▶ DATASET RECORDS

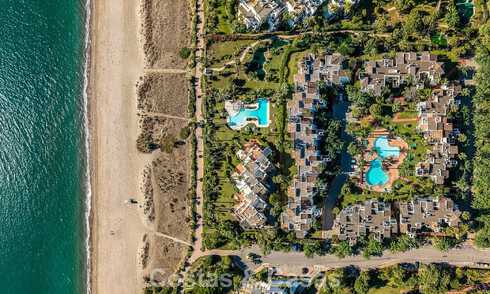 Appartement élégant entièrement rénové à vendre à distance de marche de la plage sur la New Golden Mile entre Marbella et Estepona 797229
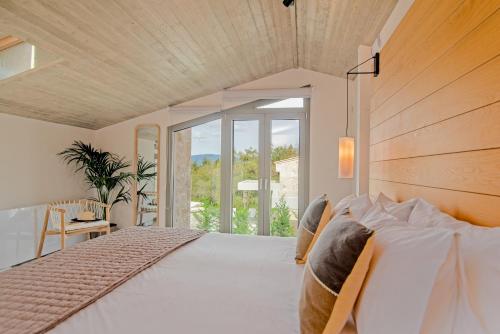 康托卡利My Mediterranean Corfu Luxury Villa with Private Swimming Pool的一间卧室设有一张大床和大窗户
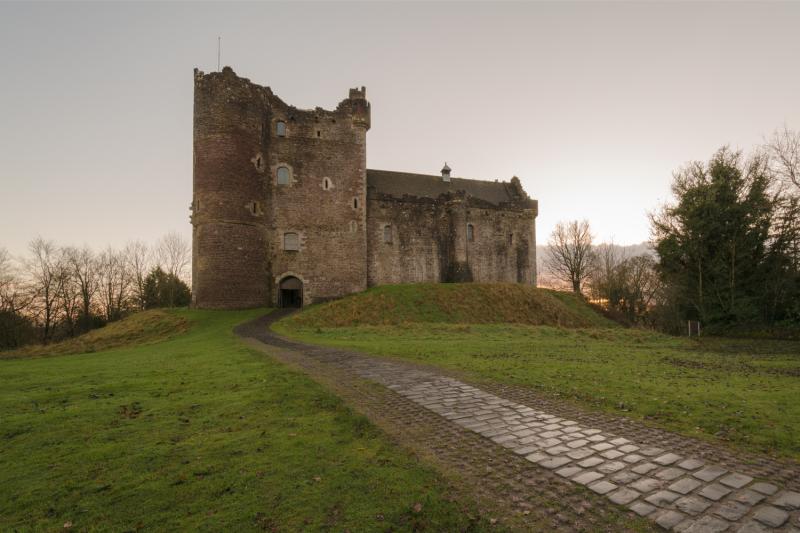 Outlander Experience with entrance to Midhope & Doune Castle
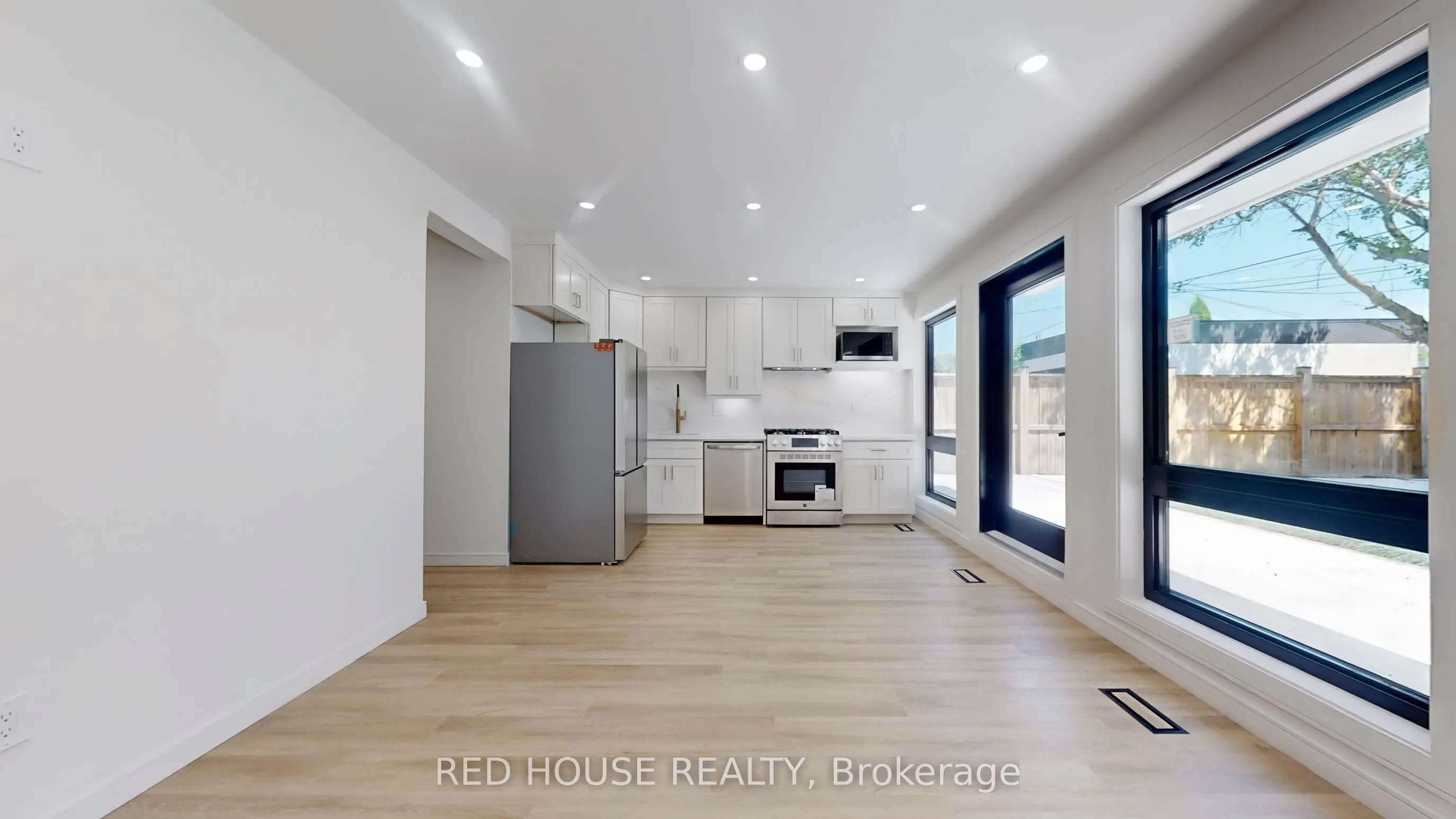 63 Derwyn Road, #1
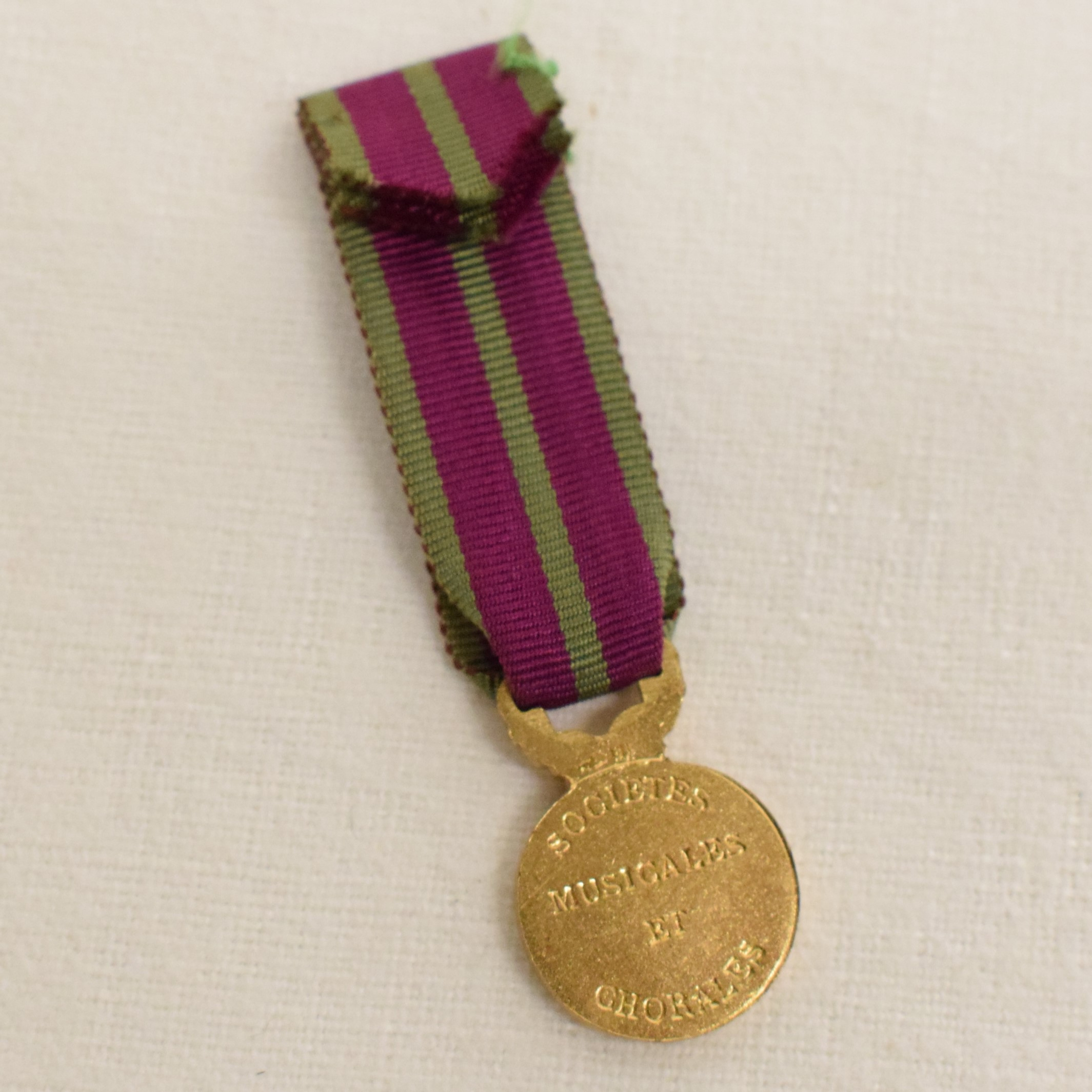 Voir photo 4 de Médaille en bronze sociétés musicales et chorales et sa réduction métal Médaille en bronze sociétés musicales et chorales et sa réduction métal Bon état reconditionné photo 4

▶ ABOUT THIS EXERCISE
Every record should be duplicated exactly, though any picture in it must be left out.

▶ RESPONSE
 Appartement élégant entièrement rénové à vendre à distance de marche de la plage sur la New Golden Mile entre Marbella et Estepona 797229
 康托卡利My Mediterranean Corfu Luxury Villa with Private Swimming Pool的一间卧室设有一张大床和大窗户
 Outlander Experience with entrance to Midhope & Doune Castle
 63 Derwyn Road, #1
 Voir photo 4 de Médaille en bronze sociétés musicales et chorales et sa réduction métal Médaille en bronze sociétés musicales et chorales et sa réduction métal Bon état reconditionné photo 4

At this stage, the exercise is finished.